- **WHAT TO DO**
For this exercise, return exactly the lines of the material below that begin at the one with "Rosengårds Glodis Perla" and stop after the one with "2411 Glen Field Dr, Cedar Park, TX 78613".

### INFORMATION SHOWN

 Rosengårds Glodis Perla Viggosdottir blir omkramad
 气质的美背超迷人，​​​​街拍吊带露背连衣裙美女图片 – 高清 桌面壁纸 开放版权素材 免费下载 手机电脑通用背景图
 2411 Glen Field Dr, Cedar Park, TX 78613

######
### INFORMATION SHOWN

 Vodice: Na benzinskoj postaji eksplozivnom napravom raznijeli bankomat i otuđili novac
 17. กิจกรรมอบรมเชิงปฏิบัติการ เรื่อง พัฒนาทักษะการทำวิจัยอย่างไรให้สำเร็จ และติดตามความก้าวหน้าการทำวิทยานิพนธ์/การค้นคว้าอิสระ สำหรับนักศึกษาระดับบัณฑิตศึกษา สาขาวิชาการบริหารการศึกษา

######
### INFORMATION SHOWN

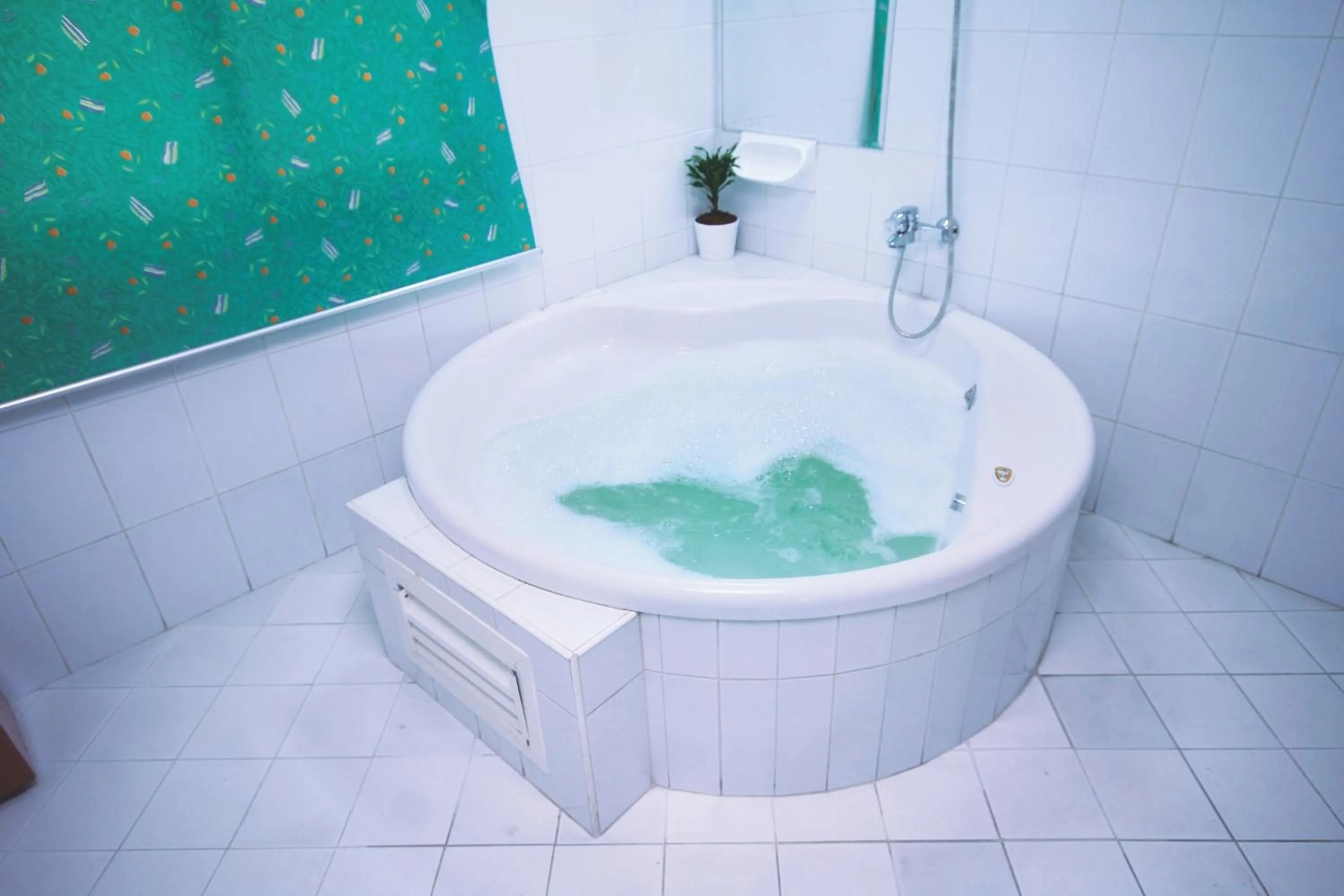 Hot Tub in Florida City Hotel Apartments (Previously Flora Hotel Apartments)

######

- **YOUR RESPONSE**
 Rosengårds Glodis Perla Viggosdottir blir omkramad
 气质的美背超迷人，​​​​街拍吊带露背连衣裙美女图片 – 高清 桌面壁纸 开放版权素材 免费下载 手机电脑通用背景图
 2411 Glen Field Dr, Cedar Park, TX 78613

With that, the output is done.